*What you should do*. Give back exactly the lines running from the line with "Cr&eacute;oles Sandrine Or" to the end of the entries, and only those lines.

*Records for this task*.

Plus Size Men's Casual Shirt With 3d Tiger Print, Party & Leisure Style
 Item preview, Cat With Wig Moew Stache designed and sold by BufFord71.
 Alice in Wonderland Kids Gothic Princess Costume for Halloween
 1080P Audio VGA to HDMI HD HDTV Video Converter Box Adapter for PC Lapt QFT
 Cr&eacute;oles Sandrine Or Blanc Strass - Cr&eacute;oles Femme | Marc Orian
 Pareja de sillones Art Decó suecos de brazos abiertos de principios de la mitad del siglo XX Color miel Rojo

*Answer area*.
 Cr&eacute;oles Sandrine Or Blanc Strass - Cr&eacute;oles Femme | Marc Orian
 Pareja de sillones Art Decó suecos de brazos abiertos de principios de la mitad del siglo XX Color miel Rojo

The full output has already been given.